My Take: AI Layoffs Are a Choice, Not Destiny
Published: 01 Mar 2026 15:30
Jack Dorsey recently announced major layoffs at Block as part of the company's AI-driven restructuring in one of his X posts: https://x.com/jack/status/2027129697092731343.
Then I read a LinkedIn post reacting to that announcement. One line stood out:
We can't put the genie back in the bottle.
I disagree with that framing.
When we use the "genie" metaphor, we frame AI like a supernatural force that appeared out of nowhere, took over the planet, and left us powerless. That is the opposite of reality.
AI is not a genie. It is not magic. It is not fate.
It is technology built, deployed, and governed by people.
We control it, and we decide how to use it.
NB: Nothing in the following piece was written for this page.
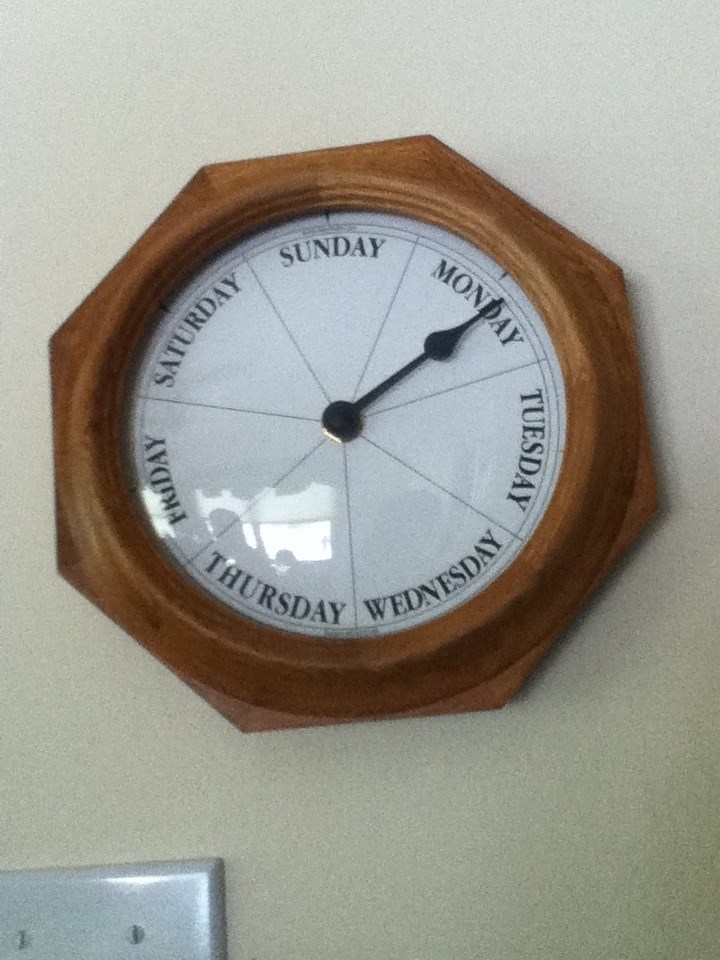 Sat za dane, umjesto sate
When we describe AI as an unstoppable force, we quietly remove human agency from the conversation. That makes harsh outcomes look inevitable when they are usually the result of deliberate business decisions.
"Inevitable" Is Doing Too Much Work
The narrative often sounds like this:
- AI exists.
- Therefore job losses are unavoidable.
- Therefore no one is responsible.
That logic is convenient, especially for organizations that benefit from faster execution and lower costs. If layoffs are "just the future," then no one has to answer hard questions about timing, transition plans, or leadership accountability.
But those are exactly the questions that matter.
Automation Is Not New. This Wave Is Different in Reach.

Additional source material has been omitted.